Hace poco más de diez años descubrió esta ubicación su familia. Su nieta, Maribel Luna, ha estado, desde entonces, realizando trámites y emprendiendo juicios, aún ante autoridades jurisdiccionales europeas, para recuperar sus restos y llevarlos a su tierra natal. Todo ha sido infructuoso. A ratos la indiferencia oficial ha tornado el rostro esperanzadoramente, pero luego lo ha vuelto a esconder.

Un caso más, uno de tantos, que, sin embargo, no está ubicado en el casillero de los más tristes. Éstos, los verdaderamente desesperanzadores, son los que yacen bajo tierra en cualquier cuneta, a orillas de alguna carretera comarcal. Esos muchos que perdieron la guerra, que recibieron un tiro y tuvieron que conformarse con el olvido.

El caso de Aquilino, que no es el único similar, salió a la luz estos días, con la exhumación de los restos de Francisco Franco, huésped de lujo, desde su muerte en 1975, del mismo Valle de los Caídos. Un proceso que ha levantado una inmensa expectación entre los españoles, exacerbando de nuevo las rencillas de una herida que no ha acabado de cerrarse.

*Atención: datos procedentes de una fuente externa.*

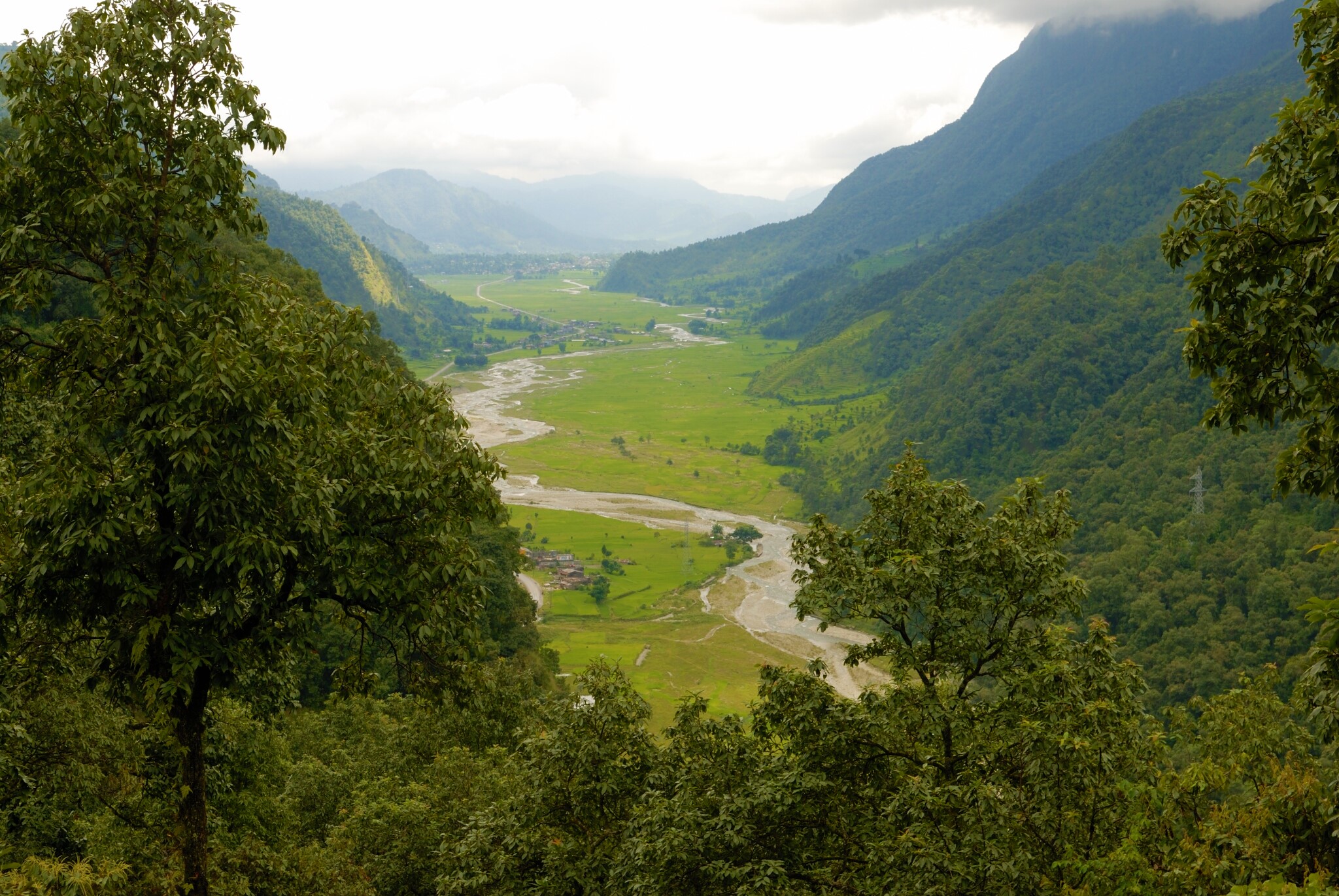 The winding path is shown between trees, leading from Phedi to Dhampus.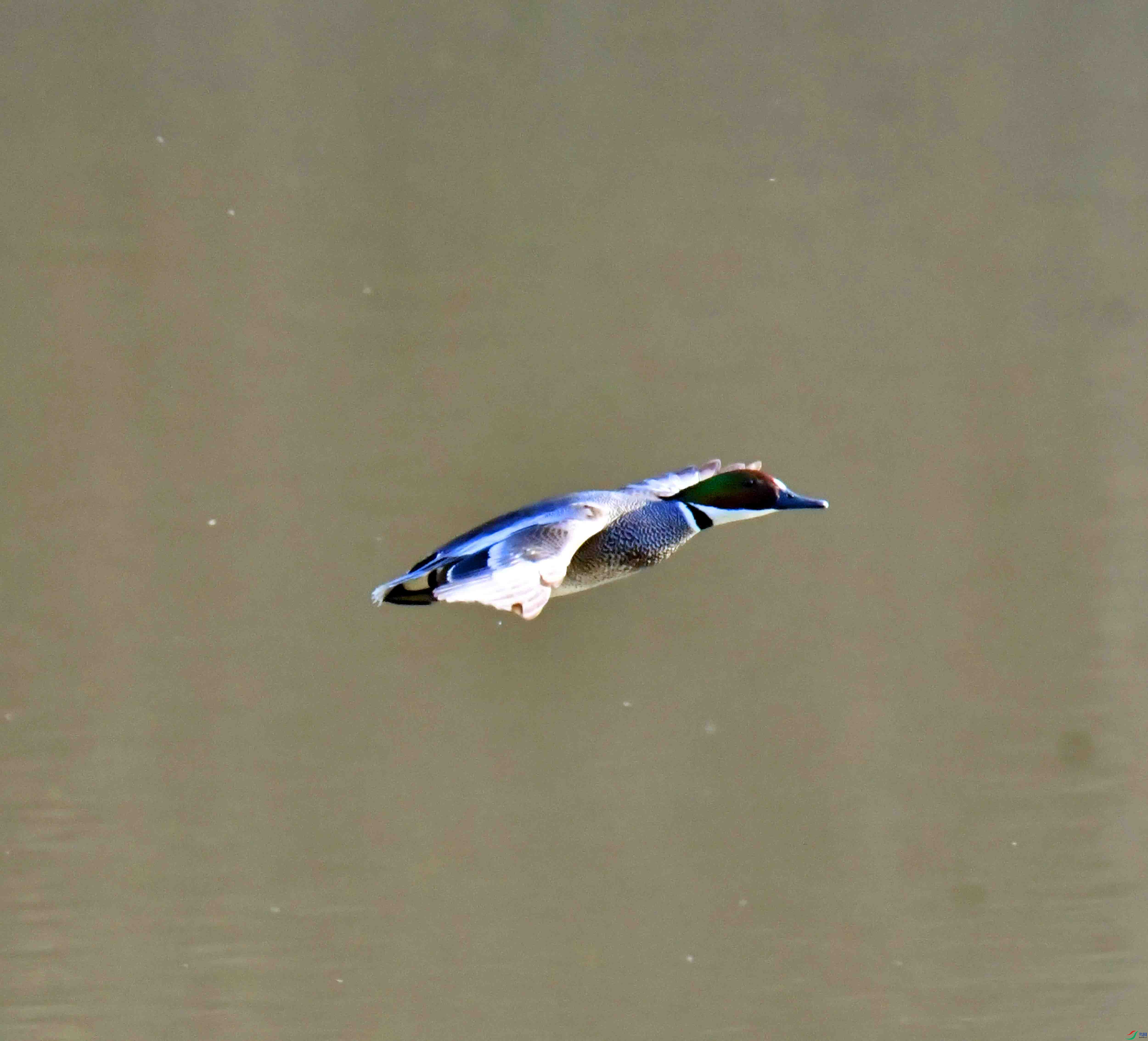 DSC_2223.JPG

El cuerpo embalsamado del dictador está ya ubicado, junto a los restos de la que fuera su esposa, Carmen Polo -asturiana, por cierto-, en el madrileño cementerio de Mingorrubio, muy cerca del Palacio de El Pardo, donde Franco despachó en sus épocas de poder absoluto.

Pero Aquilino sigue sepultado en la basílica católica que cobijó el cuerpo de Franco, ahí en ese Valle de Cuelgamuros, a más de quinientos kilómetros de su pueblo, de su entorno en vida, de aquel Nalón que lo surca. Sigue ahí a la espera de una resolución judicial que les permita a sus deudos finalmente sacarlo.

No deja de conmoverme la historia de Aquilino Baragaño; de dolerme en algún rincón del alma. Seguramente es porque pienso en Adriano, el querido hermano de mi madre, que murió en el frente de batalla, quizá allá por los alrededores de Bilbao, sin que nadie supiese jamás el destino de su cuerpo. Tal vez también porque recuerdo a José, hermano de mi padre, y también, como Aquilino, voluntario de guerra, fusilado en Gijón y a quien hoy podemos homenajear en un monumento, en el cementerio gijonés de Ceares, con los nombres de 1934 hombres y mujeres asesinados tras la caída de esa ciudad que mira al Cantábrico. Quizá por que pienso, a tantos años de aquellos tristes episodios, que nada está olvidado. Que nada, ni nadie, está enterrado.